(DATA begins)

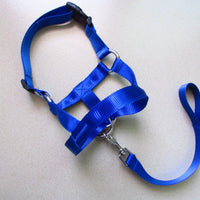 HKM-0195645 Adjustable Anti-Riot Dog Traction Rope for Safe Walking and Training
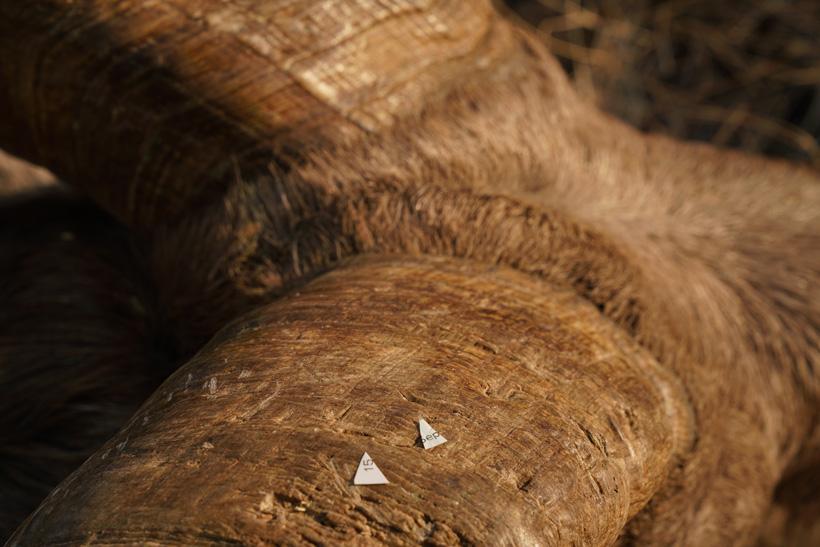 Punched bighorn sheep tag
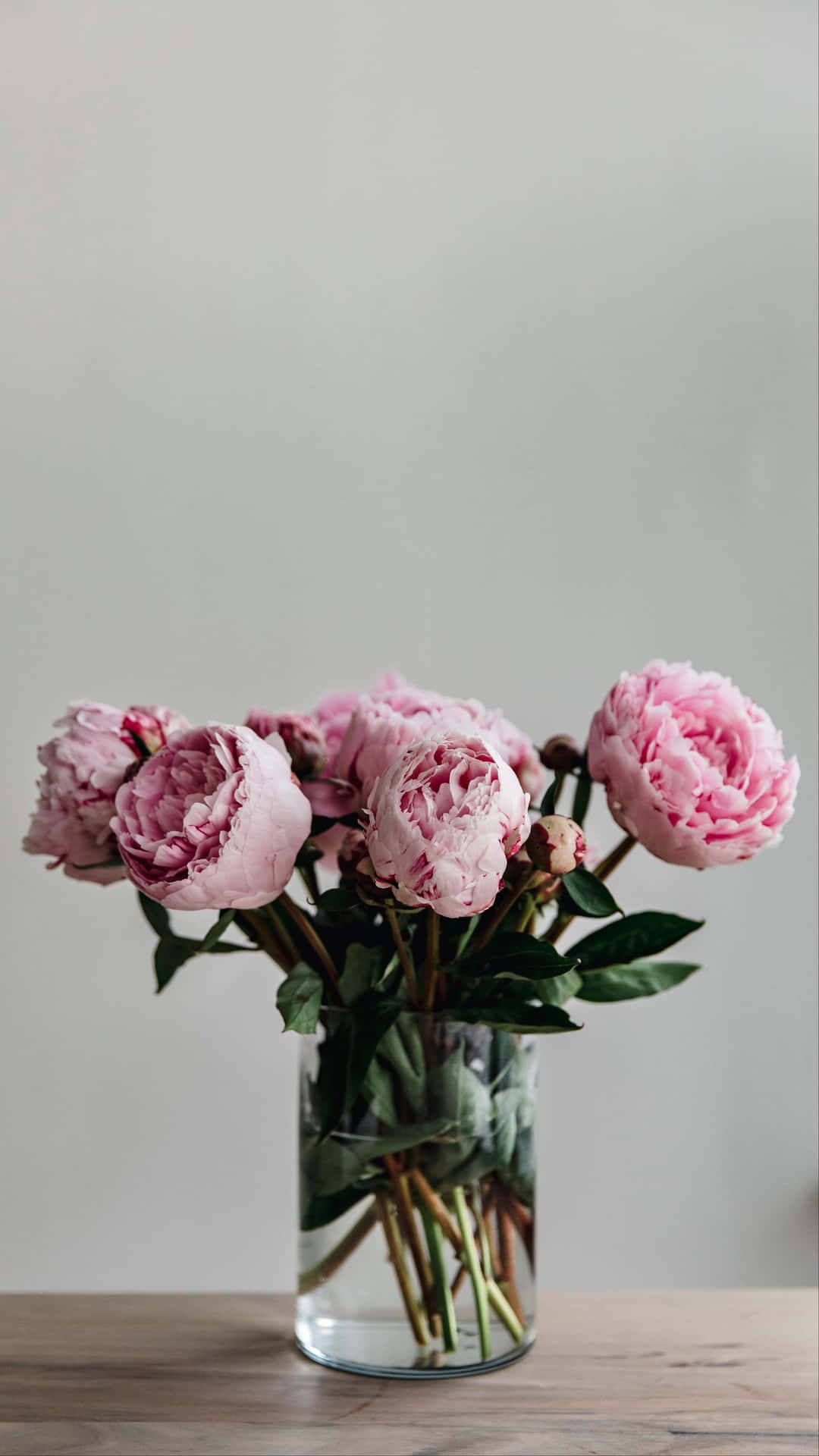 Enjoy The Beauty Of Nature On Your Phone With The Peony Iphone Wallpaper. Background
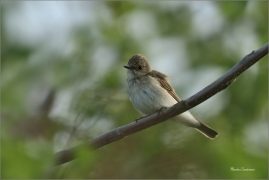 <p>LEJSEK ŠEDÝ (Muscicapa striata) - jižní Morava ---- /Spotted flycatcher - Grauschnäpper/</p>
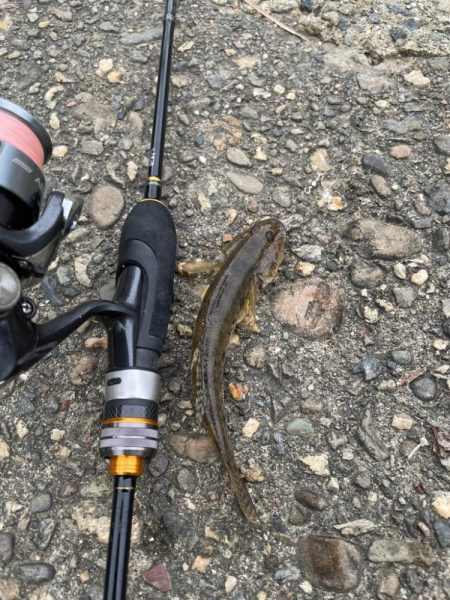 淀川ハゼ釣り大会2025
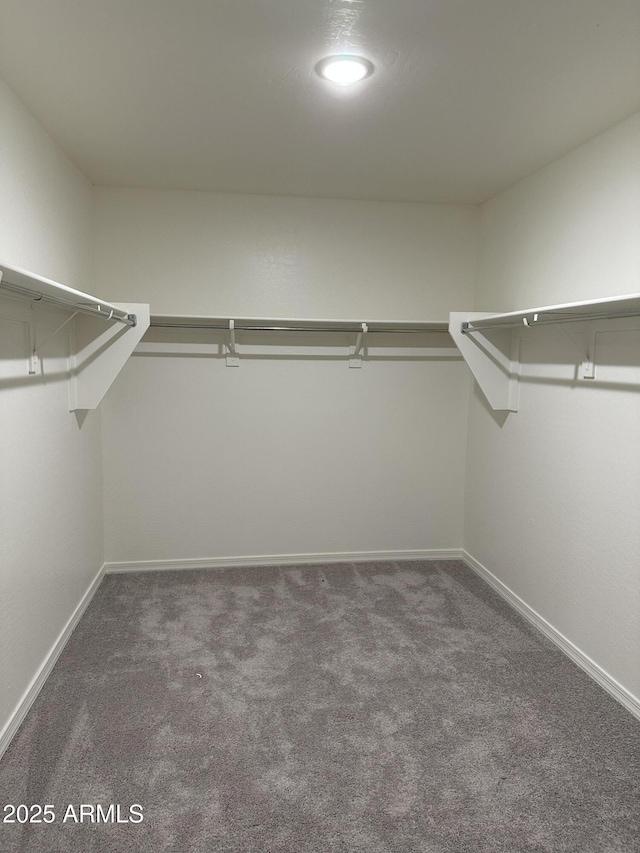 5701 E Iris Dr, Florence, AZ 85132 - walk in closet with carpet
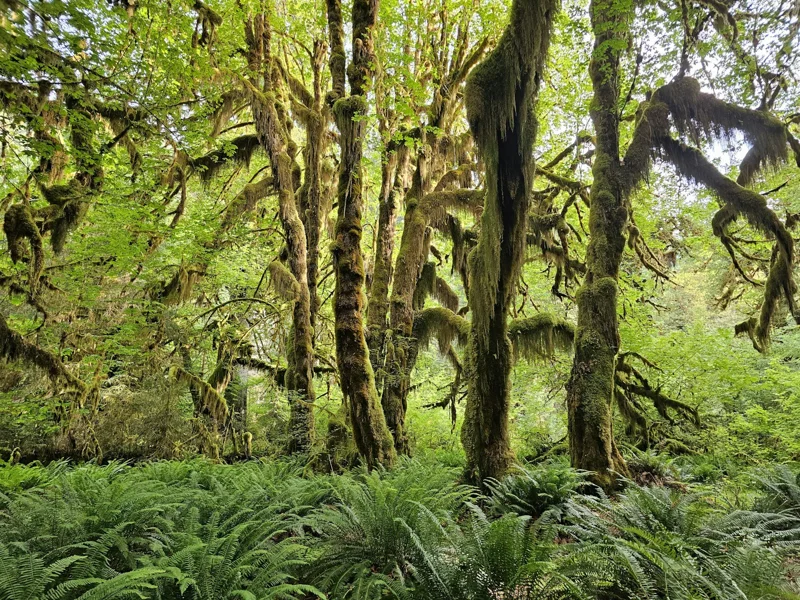 Moss-covered trees and ferns in the Hoh Rain Forest
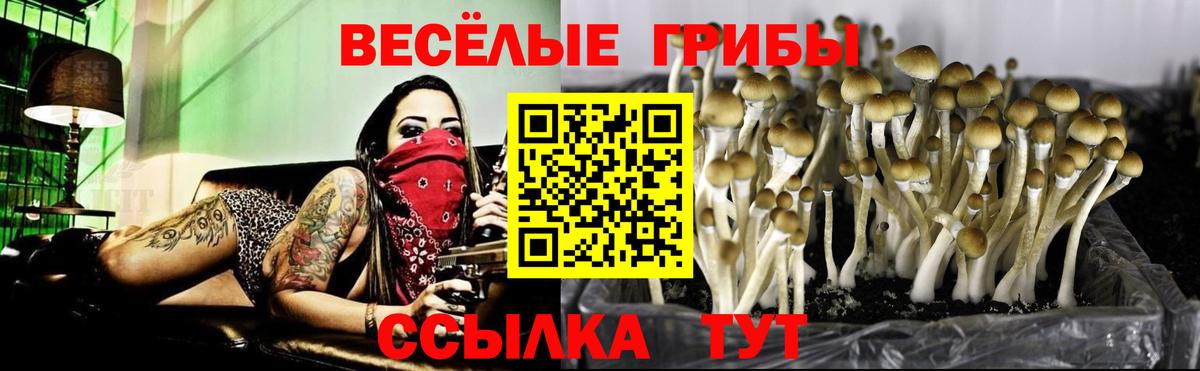 Новосибирск  Галлюциногенные грибы MAGIC MUSHROOMS  Вход с VPN 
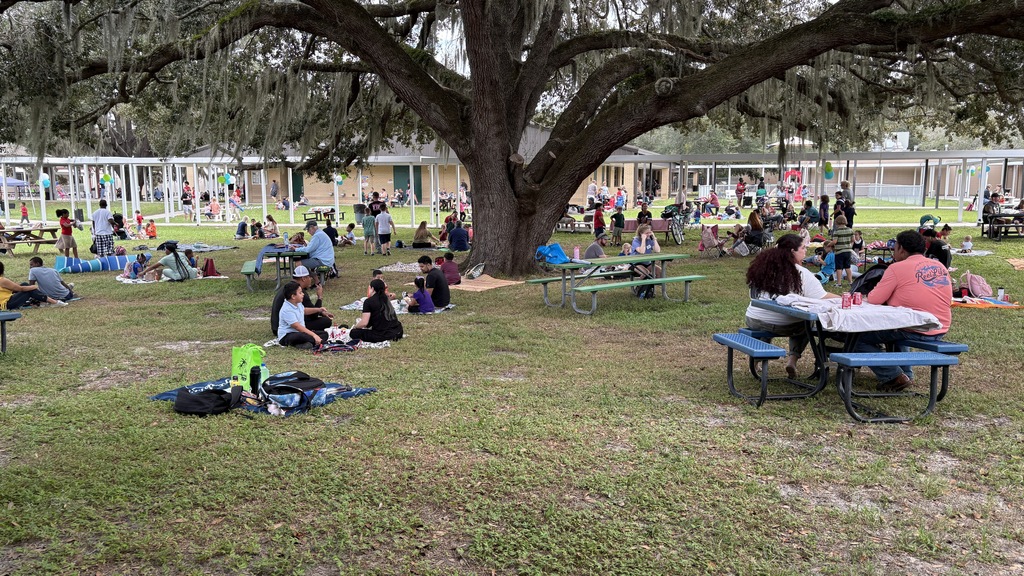 picnic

(DATA ends)

All of the data above is to be repeated exactly, with the pictures left out.

| YOUR SOLUTION |
 HKM-0195645 Adjustable Anti-Riot Dog Traction Rope for Safe Walking and Training
 Punched bighorn sheep tag
 Enjoy The Beauty Of Nature On Your Phone With The Peony Iphone Wallpaper. Background
 <p>LEJSEK ŠEDÝ (Muscicapa striata) - jižní Morava ---- /Spotted flycatcher - Grauschnäpper/</p>
 淀川ハゼ釣り大会2025
 5701 E Iris Dr, Florence, AZ 85132 - walk in closet with carpet
 Moss-covered trees and ferns in the Hoh Rain Forest
 Новосибирск  Галлюциногенные грибы MAGIC MUSHROOMS  Вход с VPN 
 picnic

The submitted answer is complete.